_Dataset extract:_
########
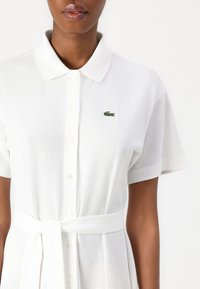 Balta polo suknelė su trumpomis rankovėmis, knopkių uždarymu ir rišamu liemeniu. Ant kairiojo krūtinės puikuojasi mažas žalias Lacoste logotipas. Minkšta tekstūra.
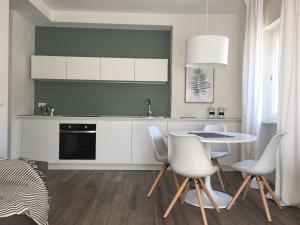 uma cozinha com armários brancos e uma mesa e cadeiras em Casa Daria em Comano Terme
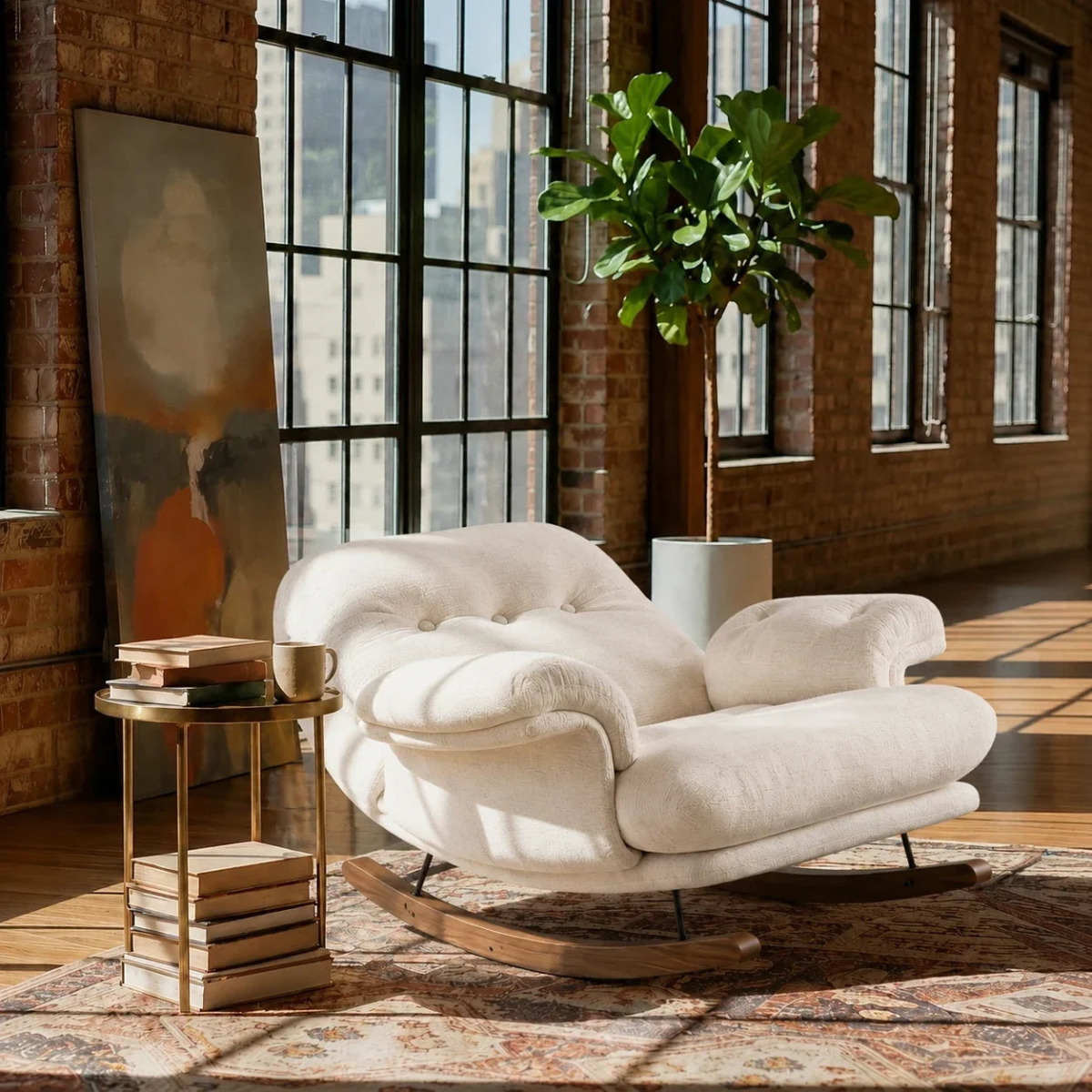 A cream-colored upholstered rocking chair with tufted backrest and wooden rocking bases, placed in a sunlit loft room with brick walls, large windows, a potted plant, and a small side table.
########
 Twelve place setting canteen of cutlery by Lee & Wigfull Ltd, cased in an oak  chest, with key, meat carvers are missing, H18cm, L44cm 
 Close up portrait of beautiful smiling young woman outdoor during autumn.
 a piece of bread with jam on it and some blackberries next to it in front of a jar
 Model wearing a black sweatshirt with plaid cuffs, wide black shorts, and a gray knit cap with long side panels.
########
_Try it:_
Using only the entries above, output the line with "Close up portrait", the line with "Model wearing a", and all lines between them, exactly as they stand.

_Response for this exercise:_
 Close up portrait of beautiful smiling young woman outdoor during autumn.
 a piece of bread with jam on it and some blackberries next to it in front of a jar
 Model wearing a black sweatshirt with plaid cuffs, wide black shorts, and a gray knit cap with long side panels.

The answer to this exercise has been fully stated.